Personal information
- Full name: Danny Kyle Morrison
- Born: 3 February 1966 (age 60) Auckland, New Zealand
- Nickname: Mad Man
- Height: 175 cm (5 ft 9 in)
- Batting: Right-handed
- Bowling: Right-arm fast-medium
- Role: Bowler, commentator

International information
- National side: New Zealand (1987–1997);
- Test debut (cap 164): 4 December 1987 v Australia
- Last Test: 24 January 1997 v England
- ODI debut (cap 58): 31 October 1987 v India
- Last ODI: 13 November 1996 v Pakistan

Career statistics
| Competition | Test | ODI | FC | LA |
| Matches | 48 | 96 | 142 | 165 |
| Runs scored | 379 | 171 | 1,127 | 283 |
| Batting average | 8.42 | 9.00 | 10.94 | 8.08 |
| 100s/50s | 0/0 | 0/0 | 0/0 | 0/0 |
| Top score | 42 | 20* | 46* | 30* |
| Balls bowled | 10,064 | 4,586 | 13,298 | 7,862 |
| Wickets | 160 | 126 | 440 | 212 |
| Bowling average | 34.68 | 27.53 | 30.22 | 26.47 |
| 5 wickets in innings | 10 | 2 | 19 | 2 |
| 10 wickets in match | 0 | 0 | 0 | 0 |
| Best bowling | 7/89 | 5/34 | 7/82 | 5/34 |
| Catches/stumpings | 14/– | 19/– | 43/– | 31/– |
- Source: Cricinfo, 4 May 2017

= Danny Morrison (cricketer) =

New Zealand cricketer

Daniel Kyle Morrison (born 3 February 1966) is a New Zealand cricket commentator and former cricketer.

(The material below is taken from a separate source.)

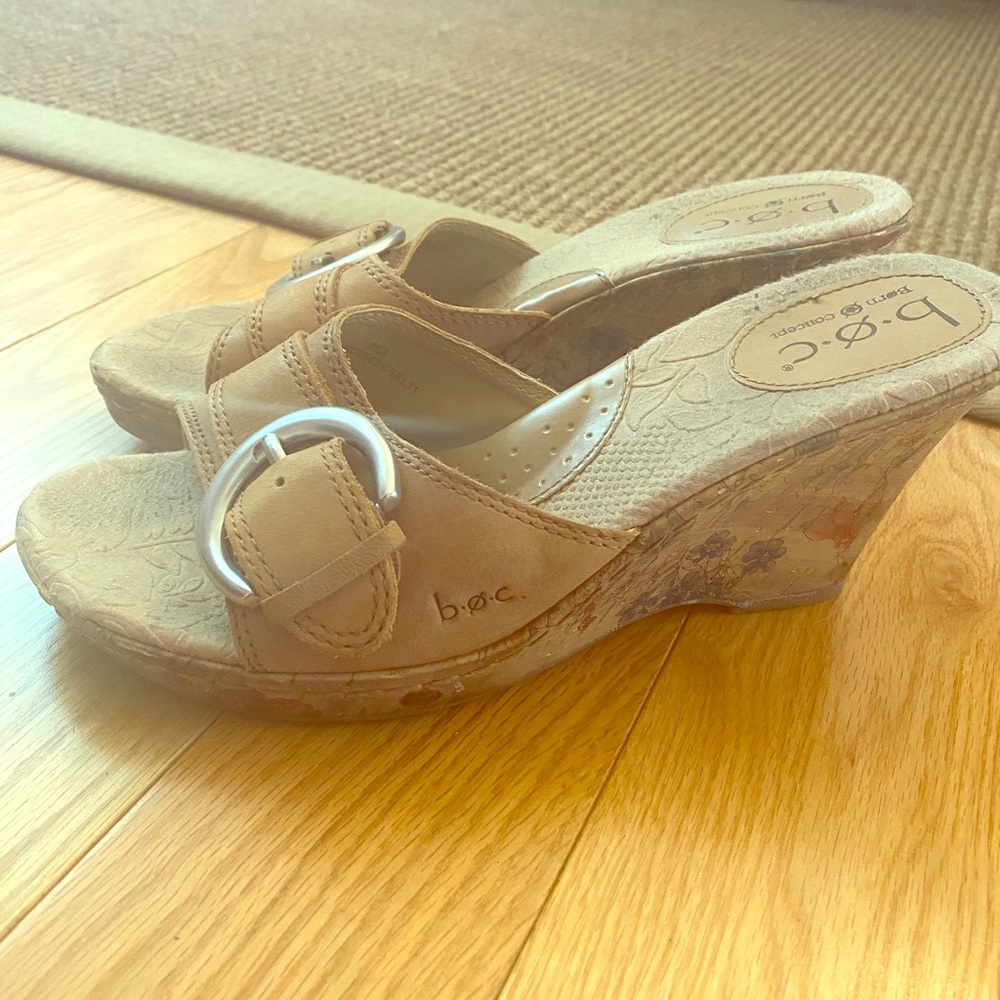 B.o.c. (Born) woman’s wedge slip on sandal.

He specialised as a pace bowler and was known for his useful outswinger. He made his Test debut for New Zealand in 1987 at the age of 21, playing against Australia.

==International career==
His most notable bowling accomplishment occurred on 25 March 1994 when he took a hat-trick in a One Day International (ODI) match against India. He is one of only three New Zealanders and twenty-two players worldwide to have taken an ODI hat-trick.

On 28 January 1997, Morrison made his final appearance for his national team, contributing 14 runs in a 106-run partnership with Nathan Astle for the tenth wicket against England, which saved the match. He was dropped from the team after the match.

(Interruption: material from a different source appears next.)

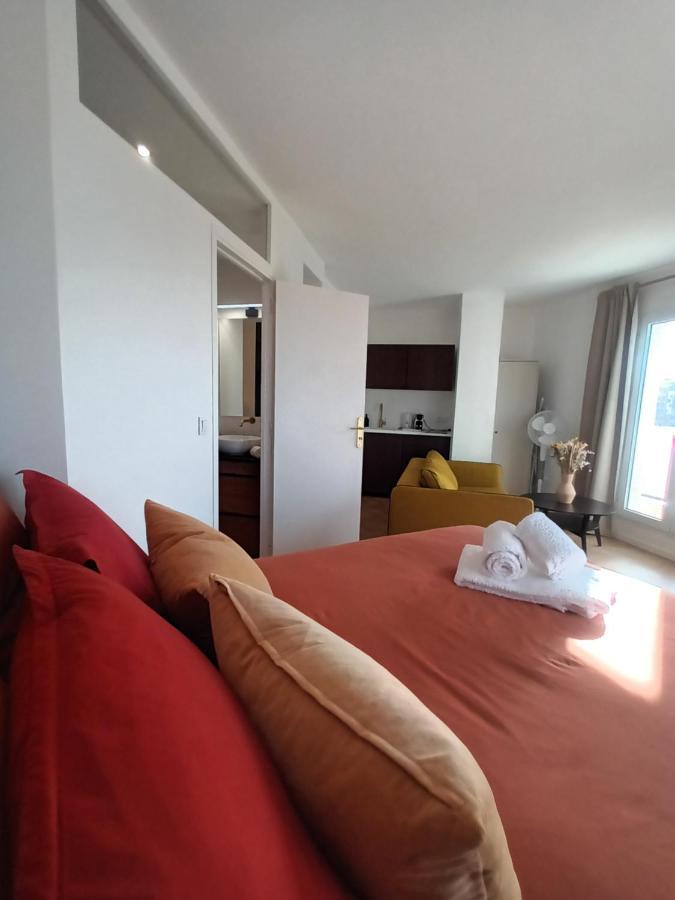 Paris Balcony Top Floor Room 외부 사진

During his international career, Morrison represented New Zealand in three Cricket World Cups: 1987, 1992, and 1996.

==After cricket==
Since his departure from international cricket, Morrison has been employed in numerous cricket-related positions. These include:
- Commentator of TVNZ, Sky Sports and Fox Sports
- Commentator of the Indian Premier League
- Commentator of the Bangladesh Premier League
- Commentator of the Pakistan Super League
- Commentator of the Caribbean Premier League
- Commentator of the Abu Dhabi T10 League
- Host of Sky Sports "Cricket Company" show for 7 years
- Host of radio show on Radio Sport for 6 years
- Charity work including the 'Fight for Life' – Meningitis appeal
- Involved in coaching for schools and clubs
- Guest speaker
- Batter/Bowler for the official New Zealand Beach Cricket team in 2008 and 2009

==Personal life==
Morrison currently lives on the Sunshine Coast, Australia, moving there in 2006 with his wife, Kim Morrison and children, Jacob and Tayla.

==Autobiography==
Morrison released an autobiography after his retirement named Mad As I Wanna Be that was published in 1997. This received generally positive reviews although outspoken New Zealand Cricket commentator Richard Whiting described the overall tone of the book as 'mental'. He has also written a book called the Danny Morrison Junior Cricket Diary as an aid for aspiring young cricketers.